Quando trovarono loro stessi
Di Sergio Ariza
Nel febbraio del 1970 gli Allman Brothers andarono in studio per registrare il loro secondo
album. Le sessioni si adattavano alle poche date libere che avevano tra i loro
innumerevoli concerti. Il leader della band, Duane Allman, usò quei concerti per
provare il nuovo materiale composto da suo fratello Gregg Allman e da Dickey Betts, facendo gli
arrangiamenti al volo.
Il materiale stava diventando sempre più sofisticato e
migliore, ed era la prima volta che Betts iniziava a contribuire con canzoni
sue. Un album in particolare entusiasmò tutta la band. Si trattava di A Kind Of Blue di Miles Davis del 1959, la sua influenza diede una nuova dimensione
alla band, separandola dal resto dei gruppi blues/rock dell’epoca. I loro live continuarono
a essere il loro forte, ma questa volta s’impegnarono a trasferire la magia dei
concerti nello studio di registrazione.
L'album inizia con le chitarre di Duane Allman e Dickey
Betts perfettamente armonizzate in Revival,
una canzone che per più di un minuto e mezzo sembra essere uno dei loro tipici pezzi
strumentali fino a diventare una sorta di gospel hippie con alcune voci che
cantano "people can you feel it,
love is everywhere". È un perfetto biglietto da visita per l'album e per
la stessa band, con il loro approccio al jazz modale e poi con una parte molto
più southern e accattivante.
Don’t Keep Me Wonderin’
è la piattaforma perfetta per Duane per sfoggiare lo slide mentre suo fratello
Gregg mostra quanto sia bravo come cantante, ovviamente è il fratello maggiore
ad attirare tutte le attenzioni grazie a uno slide portato a livelli
incredibili di espressività e sentimento. In Midnight Rider è l'acustica di Duane che regge la canzone, anche se
è Dickey Betts che suona la chitarra solista, dandogli quel sapore country,
tipo pedal steel, che userà così tanto in futuro. È una delle migliori
composizioni di Gregg, che l'avrebbe usata per il suo debutto da solista nel
1973 e gli Allman in generale.
Ma forse la canzone più importante dell'album è la
strumentale e "jazzy" In Memory
of Elizabeth Reed di Betts che mostra l'incredibile musicalità di ogni
membro della band. È una giostra musicale con Dickey e Duane che si alternano emulando
Miles Davis e John Coltrane, le loro
chiare ispirazioni per il pezzo. La canzone è il cuore dell'album, con un
grande "groove" nella sezione ritmica e un eccellente lavoro dei
solisti, prima Betts con la sua SG del ‘61, poi Gregg Allman con un Hammond ‘fumante’

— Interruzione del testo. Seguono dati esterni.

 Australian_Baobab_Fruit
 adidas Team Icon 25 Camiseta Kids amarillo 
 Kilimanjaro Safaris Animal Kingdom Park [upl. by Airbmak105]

che si chiude con la solita lezione magistrale di Duane con una Goldtop del ‘57.
È la chiusura perfetta per un primo lato assolutamente glorioso.

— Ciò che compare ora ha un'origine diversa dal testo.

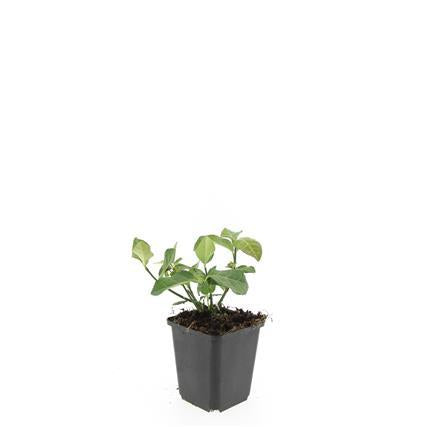 Euonymus fortunei 'Dart's Blanket' – Immergrüner Bodendecker – 24 Pflanzen – Ø9cm – ↕10–25cm – Buntlaubig & winterhart – Für Beet & Schattenlage 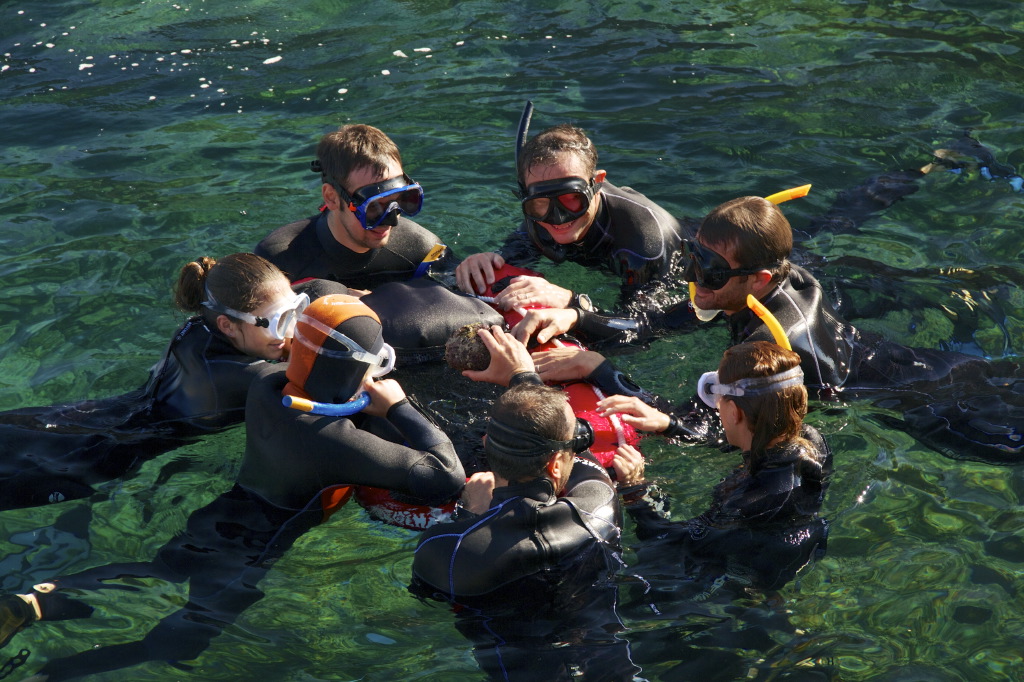 snorkeling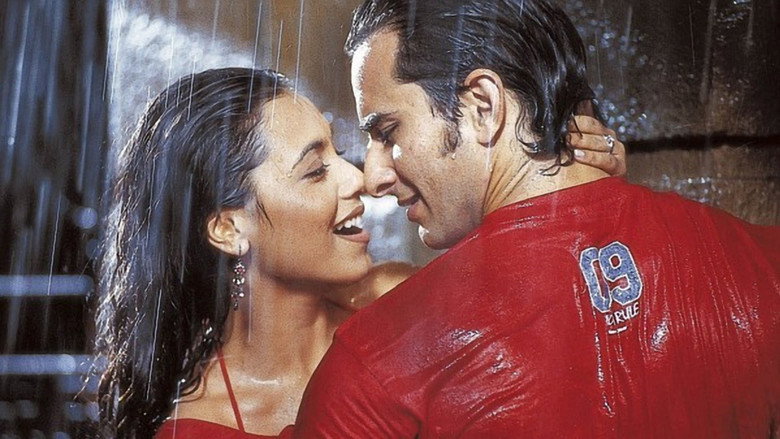 A moment of quiet connection between the leads, their expressions softening as the world around them blurs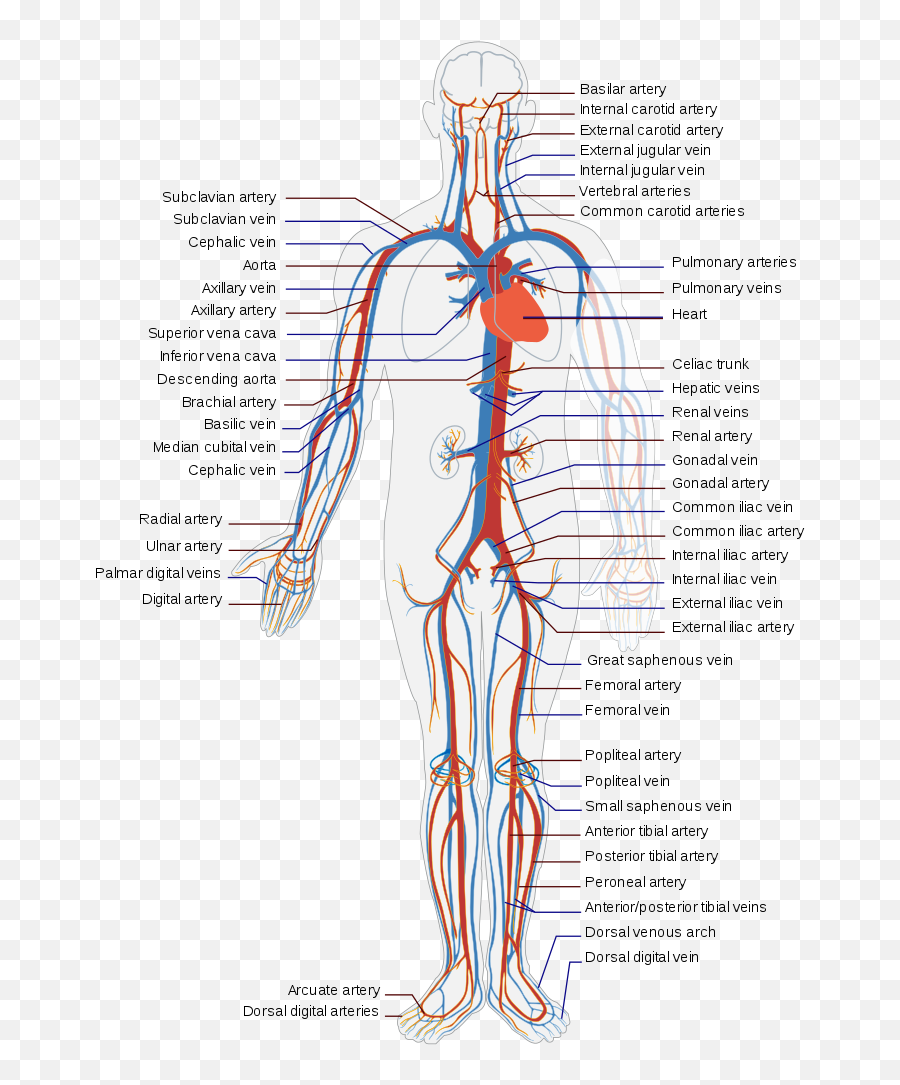 Muscle Veins Transparent Png Clipart - Blood Flow Of The Body,Vein Png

La seconda parte scende un po’ di livello, restando sempre a
quote altissime, prima di tutto la versione di Hoochie Coochie Man che vede il bassista Barry Oakley alla voce per la prima e unica volta nella sua
carriera. È una versione piena di forza ma che suona molto simile a ciò che
stava facendo Johnny Winter in quel tempo. A
chiudere il disco ci sono altre due canzoni di Gregg, la bellissima Please Call Home, con un altro
eccellente lavoro alla chitarra di Duane e dal sapore blues: Leave My Blues at Home.
Gli Allman Brothers superarono il loro straordinario album
di debutto con un album in studio in cui le loro composizioni diedero un nuovo
passo in avanti, sommando Dickey Betts al tavolo da gioco. Se a questo aggiungiamo
che insieme suonavoano meglio di qualsiasi altro, abbiamo come risultato il
miglior album in studio della band. Con un enorme Duane Allman all'apice dei suoi
poteri - fu più o meno lo stesso periodo in cui incise quella meraviglia intitolata
Layla & Other Assorted Love Songs
insieme a Eric Clapton - e una band che trovò
se stessa e che si stava preparando a pubblicare il suo album finale, questa
volta nel luogo in cui più a suo agio si trovasse, in cima a un palcoscenico.